EXERCISE OBJECTIVE. Starting at the line that contains "Balle tirée à" and stopping after the line that contains "Darendeli kadınlardan Mehmetçiğe", transcribe the listing below exactly; do not include any pictures.

*** Opening SUPPLIED MATERIAL ***

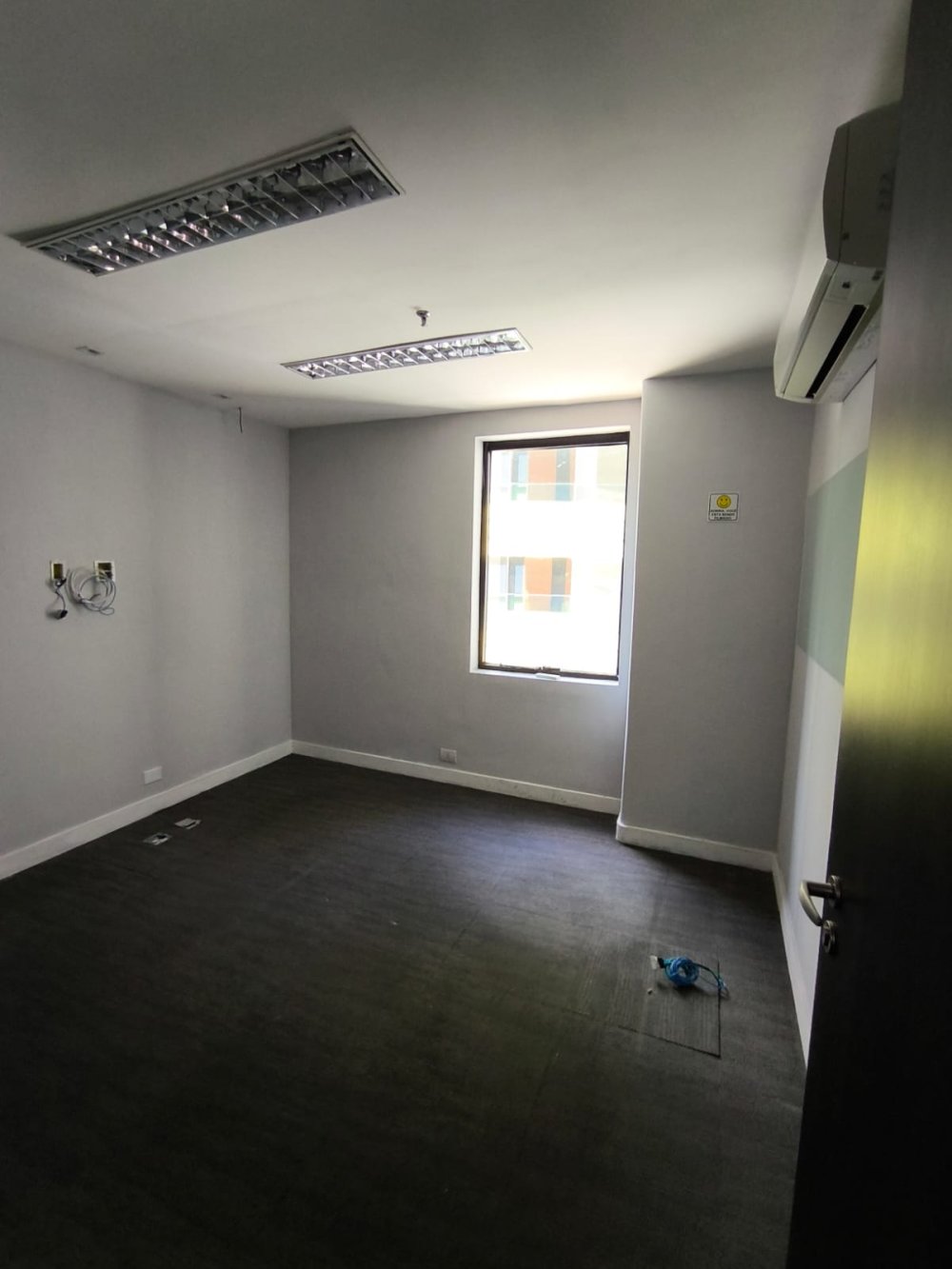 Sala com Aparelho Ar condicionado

*** Closing SUPPLIED MATERIAL ***
*** Opening SUPPLIED MATERIAL ***

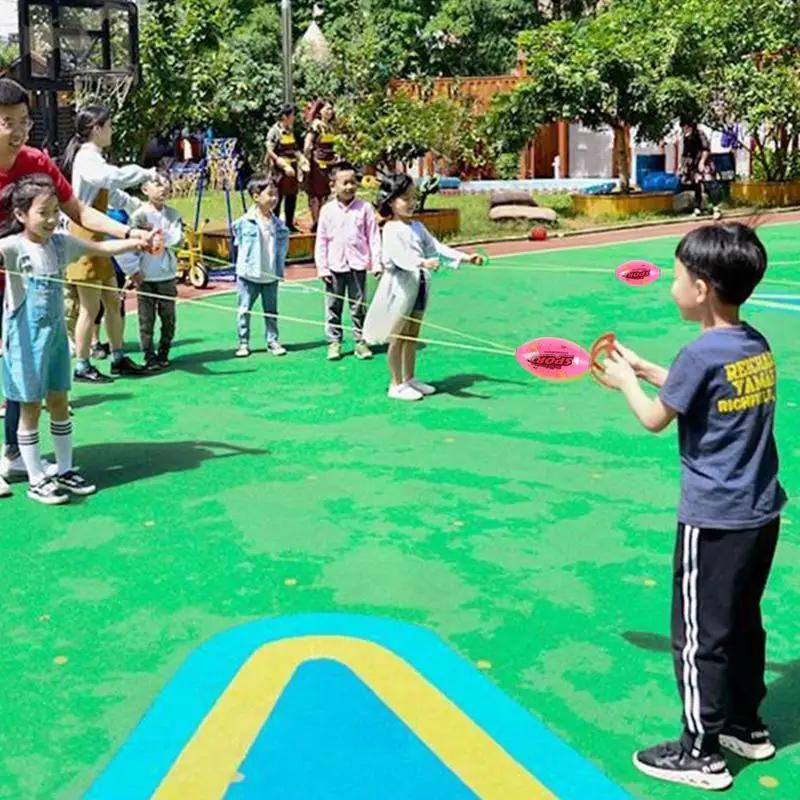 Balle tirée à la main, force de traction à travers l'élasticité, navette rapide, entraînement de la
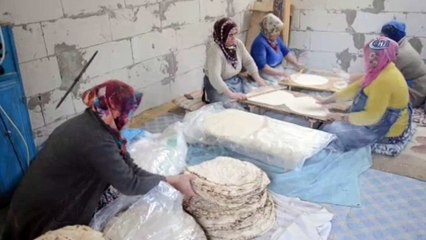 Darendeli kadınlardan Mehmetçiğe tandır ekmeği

*** Closing SUPPLIED MATERIAL ***

SOLVED EXERCISE.
 Balle tirée à la main, force de traction à travers l'élasticité, navette rapide, entraînement de la
 Darendeli kadınlardan Mehmetçiğe tandır ekmeği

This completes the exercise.